Small port head is where its at. Loose too much low end torque on a BIGPORT(been there done that). Max can speak for himself but he autoX his car and needs gobs of torque on demand. 

Madmax is his old name here on Vortex. Max takes Evo diverter valves and modifies(crushes and drills) them and it has been dubbed the Madmax DV by the rest of us. I run on and it is awesome:thumbup:. He runs two on his set-up...


----------



## [email protected] Performance (Jul 20, 2011)

Shameless plug:

Go GTS!


----------



## Gulfstream (Jul 28, 2010)

[email protected] Performance said:


> Shameless plug:
> 
> Go GTS!


:facepalm:


----------



## badger5 (Nov 17, 2003)

[email protected] Performance said:


> So I guess another record broken on stock turbo frame? lol
> 
> GTTx FTW


Getting close.. and reference.. pump fuel one below









E85... I wish we had it here.. 

Go Max!


----------



## badger5 (Nov 17, 2003)

Miguel_s# said:


> that engine deserve a large port head
> 
> what is the dual Madmax DV??


nope
not for this frame turbo

loose port velocity and torque

smallport ideally suited to these


----------



## Miguel_s# (Mar 28, 2014)

badger5 said:


> nope
> not for this frame turbo
> 
> loose port velocity and torque
> ...


thanks,
always learning


----------



## Sycoticmynd29 (Jan 17, 2011)

badger5 said:


> Getting close.. and reference.. pump fuel one below
> E85... I wish we had it here..
> 
> Go Max!


Badger5, Where could I take a look at that build? Curious as to what it takes to push those numbers on a turbo this size.


Max, 

What numbers do you think you would be making on 93?


----------



## badger5 (Nov 17, 2003)

Sycoticmynd29 said:


> Badger5, Where could I take a look at that build? Curious as to what it takes to push those numbers on a turbo this size.
> 
> 
> Max,
> ...


message me.. I dont want to clutter max's thread


----------



## [email protected] Performance (Jul 20, 2011)

badger5 said:


> Getting close.. and reference.. pump fuel one below
> 
> 
> 
> ...


Max is AWD...


----------



## Marcus_Aurelius (Mar 1, 2012)

OrangeDUB said:


> Ok thank you. Just discovered this thread the other day and I've been obsessed with reading up on your progress. I was debating whether to go gt28 or gt30 but now after reading this I am thinking a ported/modified frankenturbo may be my best bet for a powerful daily for my B6 A4.

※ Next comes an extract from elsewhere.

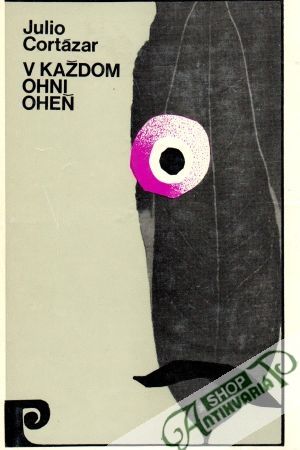 V každom ohni oheň - Cortázar Julio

Just different animals, I wouldn't compare them for the same use. Each have their strength and weaknesses, a hybrid will always suffer a bit up top, just as anything above a gt28 will struggle down low. You just have to find out what you want out of the car, instant spool and gratification right off the line but giving up a bit up top - or nothing down low so you could have supercar power in the 4k+ range. To me, waiting for power is never an option, street or track, but different people, different strokes. 



RabbitGTDguy said:


> Just simply awesome Max! Can't wait to see what this does tuned!
> 
> Hopefully, not too far behind ya!
> 
> Joe


 Thanks Joe! I'm anxious to see what yours put out since we're clones of each other (using the same turbo), but you're doing it on pump+water injection.


----------



## Marcus_Aurelius (Mar 1, 2012)

Gulfstream said:


> Do they have a hubdyno around your area? Would be interesting to see if there is as big difference as I experienced.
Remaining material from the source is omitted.